Por Raúl Figueroa, director ejecutivo de Acción Educar.
La semana pasada, el Ministerio de Educación dio a conocer a parlamentarios de la Nueva Mayoría los cambios que pretende incorporar al proyecto de ley sobre educación superior, con la esperanza de aunar las esquivas voluntades del conglomerado en esta materia. Recordemos que la iniciativa ingresó a la Cámara de Diputados en julio del año pasado y, a la fecha, ni siquiera se ha aprobado en general, quedando en evidencia la falta de acuerdo entre los propios parlamentarios de Gobierno.
A la luz de los pocos antecedentes que se han dado a conocer, todo apunta a que es difícil que el ansiado consenso se produzca. Lo primero que llama la atención es la majadera insistencia en la gratuidad universal, a pesar de las transversales críticas que ha recibido y los efectos negativos que su diseño implica. En régimen, el esfuerzo fiscal de esta política significa gastar prácticamente el doble en el 20 % más rico de la población que en el 20% más vulnerable. Además, la fijación de aranceles que la gratuidad universal exige conlleva un importante déficit para las instituciones de educación superior, lo que se agrava al considerar que el financiamiento de la docencia de pregrado pasa a depender absolutamente de las posibilidades financieras del Fisco. Así, la diversidad del sistema y las posibilidades de desarrollo futuro del mismo se ven muy limitadas. Lo curioso es que se insiste en este modelo, a sabiendas que existen otros mecanismos que permiten cumplir de mejor forma con el objetivo de asegurar que la falta de recursos no será una barrera para que los jóvenes puedan estudiar, como una combinación adecuada de becas y créditos subsidiados.
En cuanto a los cambios que se proponen al proyecto de ley, salvo contadas excepciones en materia de aseguramiento de la calidad, queda la impresión que si lo que se busca es facilitar la discusión, ésta se va a complejizar. Por ejemplo, se propone la eliminación de todo el capítulo destinado a los principios que sustentan el sistema de educación superior, lo que al tenor de los cambios estructurales que se proponen es preocupante. Si antes la discusión sobre este punto radicaba en que el texto del proyecto no era coherente con la autonomía y diversidad que decía promover, ahora se opta por eliminar la mención a esos principios, echando mano al viejo chiste del sofá de don Otto.

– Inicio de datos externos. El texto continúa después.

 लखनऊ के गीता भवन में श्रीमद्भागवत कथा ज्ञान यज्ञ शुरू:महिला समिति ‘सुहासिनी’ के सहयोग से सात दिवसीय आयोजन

En materia de institucionalidad, tomando en cuenta que las atribuciones de la nueva subsecretaría que se proponía recibieron fuertes críticas por lo excesivo de las mismas, ahora se propone eliminar dicha subsecretaría y potenciar la actual División de Educación Superior. El punto es que la discusión no dice relación con la subsecretaría propiamente tal, sino con la intromisión del Estado en las decisiones que corresponden exclusivamente a las universidades, como fijar vacantes y el valor de los aranceles. Mantener esas atribuciones, ahora en una división del Ministerio, no resuelve el problema.
En cuanto al financiamiento, se demuestra que las presiones sirven y se opta por modificar uno de los pocos aspectos interesantes que el proyecto de ley tenía, que dice relación con movernos desde una asignación histórica de recursos públicos a otra de carácter competitivo, considerando el aporte de las instituciones. Las universidades del CRUCh mantendrán sus beneficios y las privadas quedarán una vez más fuera, desconociendo el aporte que realizan y desaprovechando su potencial para el desarrollo del país.
Por último, se busca dar a las universidades del Estado un trato diferenciado que, en la práctica es muy similar a lo que hoy ya existe. Hay que reconocer, sí, que en este punto el Ejecutivo no cedió a la presión de ciertos grupos y dejó fuera a los estudiantes del gobierno universitario. Será interesante conocer la opinión de los rectores de estas instituciones sobre este punto.
El detalle de los cambios aún no se conoce, pero todo apunta a que este año no será muy distinto a los anteriores y seguirá marcado por el desconcierto respecto del rumbo que esta reforma tomará, agregando más incertidumbre a un sistema educacional que lo único que necesita es confianza para poder seguir desarrollándose.